There’s a common misconception that puppies or dogs that act aggressively are bad dogs. The truth, however, is that aggressive behaviors often stem from fear and insecurity.

  • Fear Aggression

Like humans, dogs have a fight-or-flight response against threats. When it’s not possible for your puppy to run away from a threat, it resorts to snarls and growls to make the scary situation go away. But when that works, your puppy will likely use that “fight” response in similar situations in the future.

  • Status-Related Aggression

Status-related aggression often happens when you have dogs other than the puppy. As the youngster, your cute fuzz ball may get involved in squabbles as it tries to challenge other dogs in your household.
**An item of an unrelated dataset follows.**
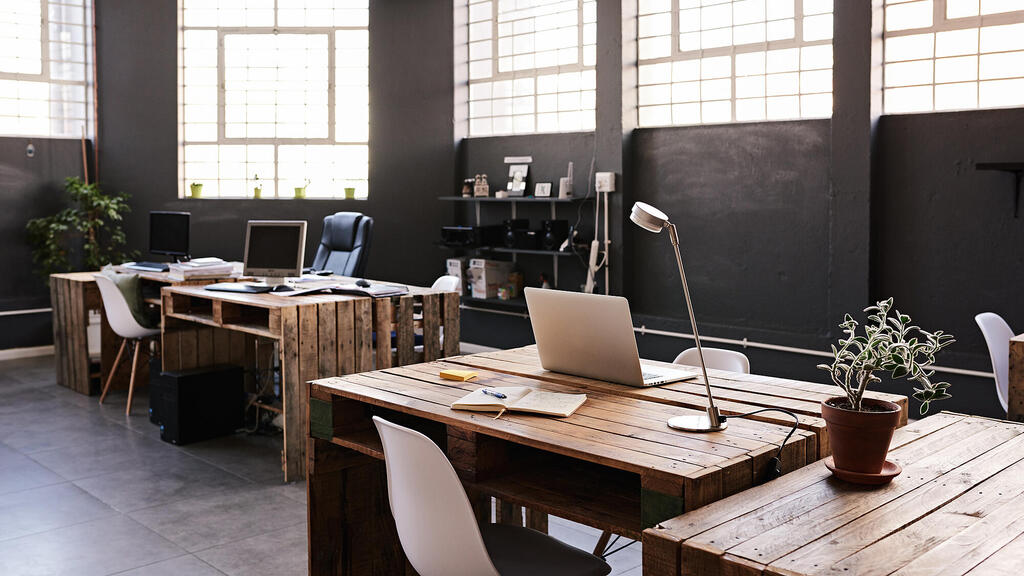 Demand for software developers drops by 60% in 15 months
  • Territorial Aggression

Dogs are territorial creatures who want to feel safe in their homes. And since young dogs still haven’t learned how to interact with other people or dogs properly, they may react defensively toward strangers who they think are trespassing on the place they consider their territory — the yard, living room, or garage.

Territorial aggression can be a liability issue if you have friends, delivery people, or neighbors who need to visit your home. Your puppy may snarl or growl at them the whole time they’re at your home.

What Can You Do About Puppy Aggression?

Puppy running on green grass

To make sure nothing get out of hand, you can enroll your furbaby in a puppy school. In Salt Lake City, several companies offer training programs to help puppies learn to manage their fear and insecurity, as well as interact with strangers and other dogs appropriately.

Besides training, you can try these tips to help address your furbaby’s aggressive behavior:

  • Give Verbal Cues (With Supporting Action)

If your puppy bites too hard during play, say “Ouch” loudly and stop playing right away. Like learning obedience commands, your puppy learns when to stop through verbal cues followed by action.

  • Choose the Right Game

Playing helps puppies build confidence. But tug-of-war and other similar games can encourage biting and other inappropriate behaviors. Teach the youngster to play fetch and do other harmless, confidence-building activities, instead.

  • Ask Visitors to Toss Treats to the Pup

Ask your mailman or friend to toss treats to your puppy whenever they visit. But they must do it without making eye contact. In dog language, eye contact is considered a challenge so it can escalate the aggression of your puppy.

Repeat this treats-tossing exercise whenever visitors arrive. Over time, your pup will learn that not all strangers are a threat to their playground and home and that some even bring treats for them. Also, they will learn that barking to alert is fine, but you, the homeowner, get to decide whether strangers come or go.

In their early years, puppies are bound to make mistakes. The good thing is you’re there to guide them as they learn the appropriate behaviors when playing with you, other dogs, or even strangers.